The idea of democratic backsliding illuminates a process that’s at work in democracies today: the erosion of formal institutions, which can make it virtually impossible to hold politicians accountable, thereby eroding democracy itself, notes Didi Kuo, the associate director for research and a senior research scholar at Stanford University’s Center on Democracy, Development and the Rule of Law:
Ellen Lust and David Waldner, in a 2015 USAID white paper, described the process of democratic backsliding as comprising “changes that negatively affect competitive elections, liberties, and accountability.” Nancy Bermeo, in a 2016 article in the Journal of Democracy, defines it as a “state-led debilitation or elimination of the political institutions sustaining an existing democracy.”

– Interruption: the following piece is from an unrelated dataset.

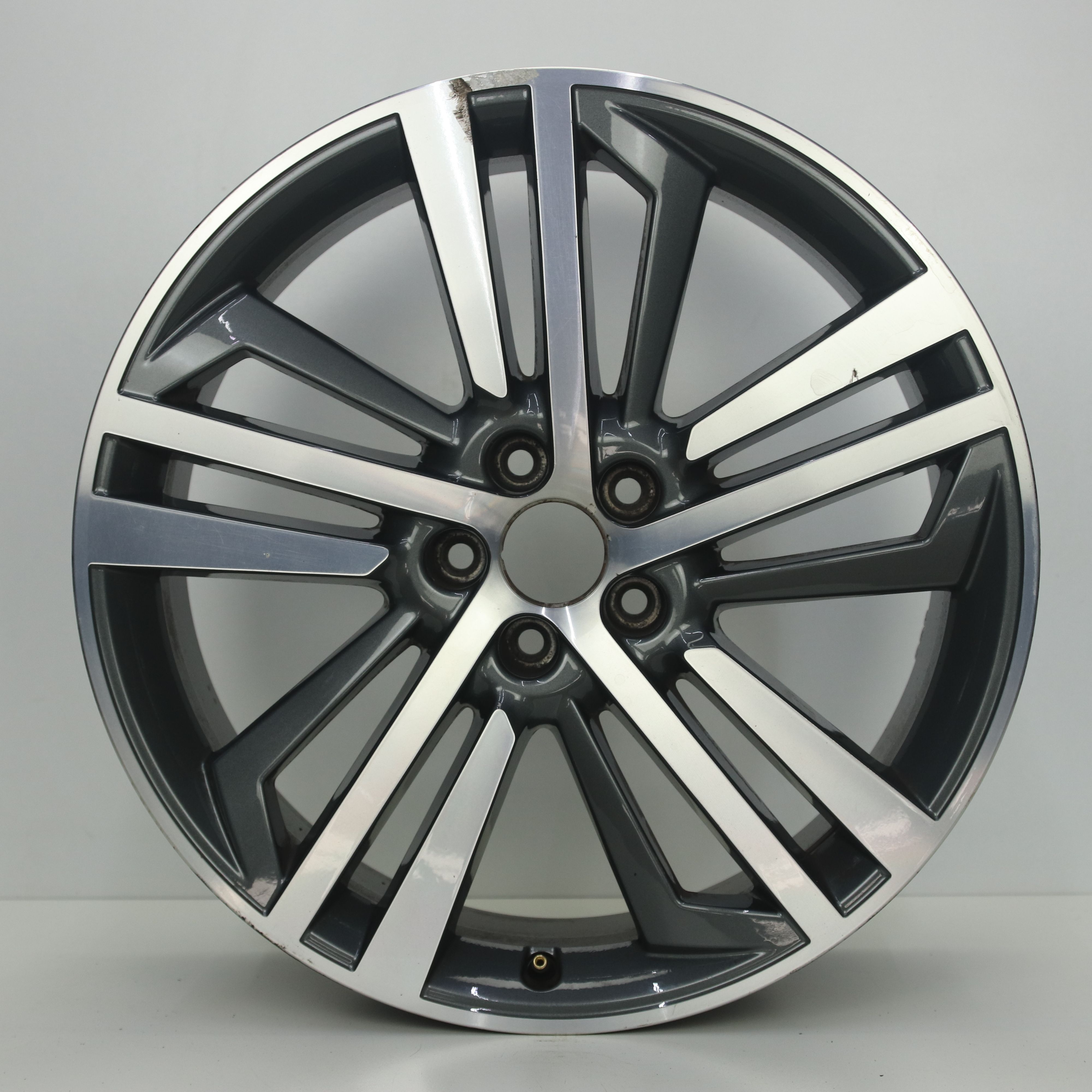 OS1007912 Originele 20 inch lichtmetalen Audi Q5 velgen 8.00X20 5X112 ET39.0 NB66.60 Antraciet Gepolijst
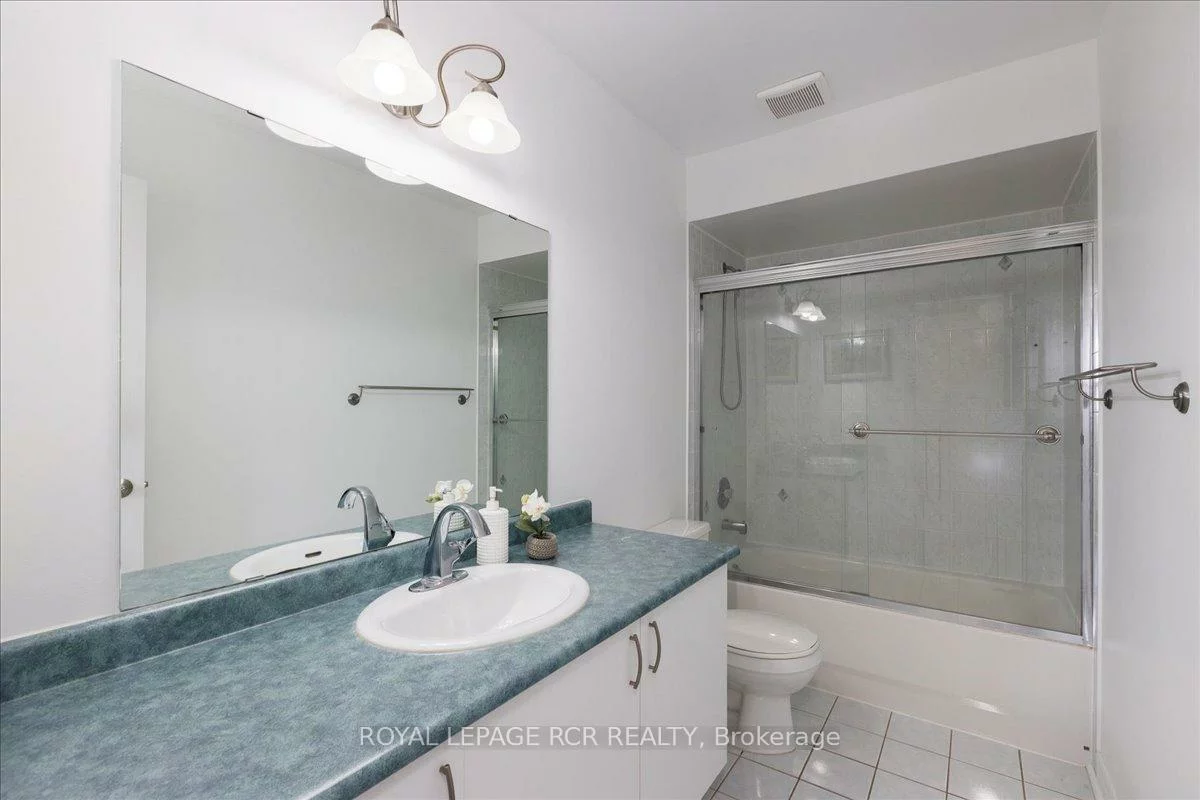 56, Noble, Bradford, Bradford West Gwillimbury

Together, three books – Sheri Berman’s Democracy and Dictatorship in Europe, Suzanne Mettler and Robert Lieberman’s Four Threats: The Recurring Crises of American Democracy, and Steven Levitsky and Daniel Ziblatt’s How Democracies Die – challenge the assumption that democracy is assured simply because it is extant or longstanding, she writes for American Purpose.
The political conflicts that produced democracy involved struggles for power, control over institutions, and demands for recognition and dignity. But the powerful, even when they cede power, do so in ways that benefit themselves. As a result, democracy is always a precarious compromise, argues Kuo, the author of Clientelism, Capitalism, and Democracy: The Rise of Programmatic Politics in the United States and Britain.